Our new report, Passing the Buck: the toxic cost of dollar store products in Canada, found heavy metals such as lead, cadmium and other toxic chemicals such as PFAS, “forever chemicals” in dollar store products. Many of these products are marketed toward children. Our report highlights just how little we know about the products on our shelves and the urgent need for greater transparency, retailer accountability, and stronger laws on hazardous substances.

Key findings: 

  • At least one in four products tested contained toxic chemicals, including lead, in children’s products and electronics such as headphones. 
  • All of the cash register receipts tested contained bisphenol-S (BPS).
  • All the food cans tested contained toxic chemicals (60 per cent with BPA, 40 per cent with PVC and polyester resin).
  • All of the microwave popcorn packaging tested contained PFAS.

Phthalates, bisphenols, and PFAS or “forever chemicals” were found in food packaging, toys, recess and daycare items, and exposing children to these substances is particularly dangerous. For example, we found that a children’s activity tracker and earbuds contained more than 8000 times the external level of lead established for children’s products. Alarmingly, there are no regulations for lead hidden inside children’s products. This gap in regulation is a loophole that dollar stores are using to sell products that contain high levels of lead – and not break any laws

There is no safe limit on lead. Children’s products should not contain this hazardous substance.
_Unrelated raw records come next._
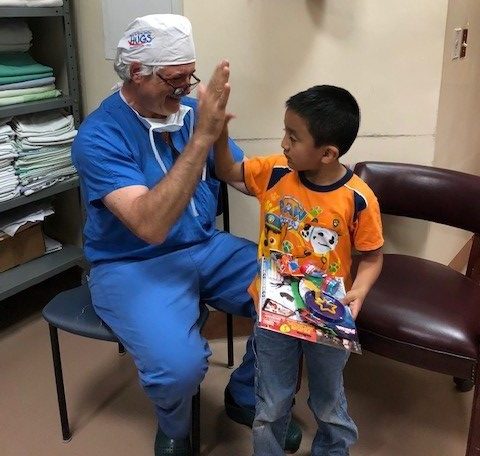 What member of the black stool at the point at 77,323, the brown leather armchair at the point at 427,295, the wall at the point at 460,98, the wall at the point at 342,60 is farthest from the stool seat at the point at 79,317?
the wall at the point at 460,98

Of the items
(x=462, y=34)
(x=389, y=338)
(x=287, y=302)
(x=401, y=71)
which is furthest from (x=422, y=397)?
(x=462, y=34)

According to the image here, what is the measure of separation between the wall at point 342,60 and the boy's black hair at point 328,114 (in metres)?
0.61

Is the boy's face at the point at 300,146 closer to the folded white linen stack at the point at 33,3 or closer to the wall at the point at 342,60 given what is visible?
the wall at the point at 342,60

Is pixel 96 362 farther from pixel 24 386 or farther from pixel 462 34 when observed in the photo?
pixel 462 34

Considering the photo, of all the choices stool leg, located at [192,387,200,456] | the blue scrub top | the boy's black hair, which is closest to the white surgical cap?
the blue scrub top

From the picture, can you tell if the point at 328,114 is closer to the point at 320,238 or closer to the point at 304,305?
the point at 320,238

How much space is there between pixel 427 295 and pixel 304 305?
53 centimetres

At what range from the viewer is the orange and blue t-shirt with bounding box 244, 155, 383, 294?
1.25 meters

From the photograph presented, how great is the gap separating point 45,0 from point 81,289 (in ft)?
3.61

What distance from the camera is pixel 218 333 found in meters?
2.23

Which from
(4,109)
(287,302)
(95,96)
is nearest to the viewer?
(287,302)

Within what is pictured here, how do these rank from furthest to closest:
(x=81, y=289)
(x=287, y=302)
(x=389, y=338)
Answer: (x=81, y=289) < (x=389, y=338) < (x=287, y=302)

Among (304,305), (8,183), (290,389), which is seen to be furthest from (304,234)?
(8,183)

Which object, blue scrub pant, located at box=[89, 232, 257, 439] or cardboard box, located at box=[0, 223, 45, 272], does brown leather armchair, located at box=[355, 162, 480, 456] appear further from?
cardboard box, located at box=[0, 223, 45, 272] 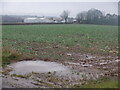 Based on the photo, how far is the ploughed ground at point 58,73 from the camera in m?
8.12

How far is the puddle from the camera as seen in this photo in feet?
33.8

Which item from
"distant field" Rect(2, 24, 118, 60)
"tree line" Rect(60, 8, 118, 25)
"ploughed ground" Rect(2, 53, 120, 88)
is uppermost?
"tree line" Rect(60, 8, 118, 25)

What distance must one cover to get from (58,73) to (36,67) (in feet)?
5.12

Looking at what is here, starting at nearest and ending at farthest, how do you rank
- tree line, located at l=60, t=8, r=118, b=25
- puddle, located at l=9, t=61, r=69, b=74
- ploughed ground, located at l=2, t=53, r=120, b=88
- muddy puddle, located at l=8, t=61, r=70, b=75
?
1. ploughed ground, located at l=2, t=53, r=120, b=88
2. muddy puddle, located at l=8, t=61, r=70, b=75
3. puddle, located at l=9, t=61, r=69, b=74
4. tree line, located at l=60, t=8, r=118, b=25

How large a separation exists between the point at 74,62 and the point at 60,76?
11.1 ft

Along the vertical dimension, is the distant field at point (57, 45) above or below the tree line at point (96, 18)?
below

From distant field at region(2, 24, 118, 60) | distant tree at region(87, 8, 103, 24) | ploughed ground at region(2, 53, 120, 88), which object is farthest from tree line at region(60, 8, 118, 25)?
ploughed ground at region(2, 53, 120, 88)

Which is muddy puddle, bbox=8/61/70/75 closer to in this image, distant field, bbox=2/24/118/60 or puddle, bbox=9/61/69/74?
puddle, bbox=9/61/69/74

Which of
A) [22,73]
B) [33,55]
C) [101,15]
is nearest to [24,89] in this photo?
[22,73]

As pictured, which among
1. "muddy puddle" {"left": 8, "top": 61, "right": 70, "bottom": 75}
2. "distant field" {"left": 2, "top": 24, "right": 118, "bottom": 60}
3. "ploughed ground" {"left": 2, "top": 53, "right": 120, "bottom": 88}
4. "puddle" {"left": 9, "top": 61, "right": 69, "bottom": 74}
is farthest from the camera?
"distant field" {"left": 2, "top": 24, "right": 118, "bottom": 60}

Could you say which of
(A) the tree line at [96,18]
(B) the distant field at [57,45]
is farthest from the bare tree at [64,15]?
(B) the distant field at [57,45]

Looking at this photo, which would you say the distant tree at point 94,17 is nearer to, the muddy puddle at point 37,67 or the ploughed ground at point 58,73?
the ploughed ground at point 58,73

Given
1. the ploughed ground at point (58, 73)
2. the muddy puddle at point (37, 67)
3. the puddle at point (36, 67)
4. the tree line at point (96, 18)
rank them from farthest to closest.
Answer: the tree line at point (96, 18), the puddle at point (36, 67), the muddy puddle at point (37, 67), the ploughed ground at point (58, 73)

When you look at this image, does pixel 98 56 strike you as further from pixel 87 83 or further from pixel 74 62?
pixel 87 83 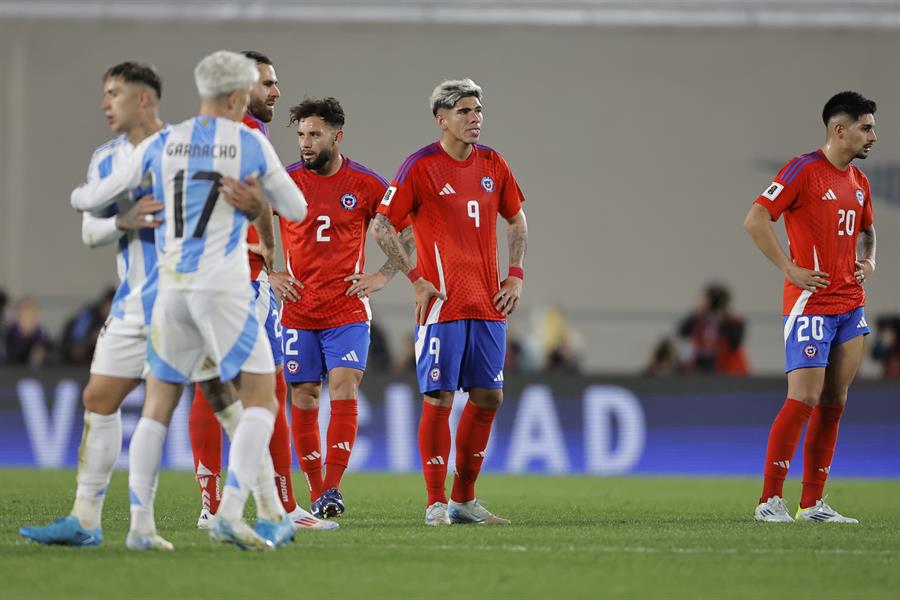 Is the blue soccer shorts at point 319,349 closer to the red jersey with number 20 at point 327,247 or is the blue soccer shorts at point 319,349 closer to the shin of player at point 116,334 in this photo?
the red jersey with number 20 at point 327,247

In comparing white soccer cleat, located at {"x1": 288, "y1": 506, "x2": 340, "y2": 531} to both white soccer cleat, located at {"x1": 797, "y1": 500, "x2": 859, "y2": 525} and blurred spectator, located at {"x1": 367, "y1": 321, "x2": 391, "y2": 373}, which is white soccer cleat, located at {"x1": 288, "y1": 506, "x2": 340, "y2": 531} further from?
blurred spectator, located at {"x1": 367, "y1": 321, "x2": 391, "y2": 373}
Children are particularly susceptible to the effects of harmful chemicals due to their rapidly growing bodies and hand-to-mouth (putting things in their mouth) behaviour. When they use these products, they tend to put them in their mouth or break them – exposing hidden toxic components that can be ingested, inhaled or absorbed. Even in small amounts, exposure to heavy metals and hazardous chemicals is linked to reproductive, behavioural, metabolic impacts and chronic diseases such as cancer, asthma and diabetes. Toxic exposures are also linked to learning disabilities such as low IQ, autism spectrum, and attention-deficit/hyperactivity disorder (ADHD).

The report’s findings reveal the persistent failure of Canada’s regulatory system to adequately protect the public’s health, especially populations disproportionately affected by toxics. Many low-income and racialized communities already face systemic economic barriers and cannot avoid toxic exposures by choosing more expensive toxic-free alternatives. 

The federal government has introduced a bill to reform the Canadian Environmental Protection Act (CEPA), Canada’s main toxics law, which will be debated in the House of Commons this Fall. Meaningfully reforming CEPA and improving Canada’s Chemicals Management Plan can help ensure protection from toxic exposures.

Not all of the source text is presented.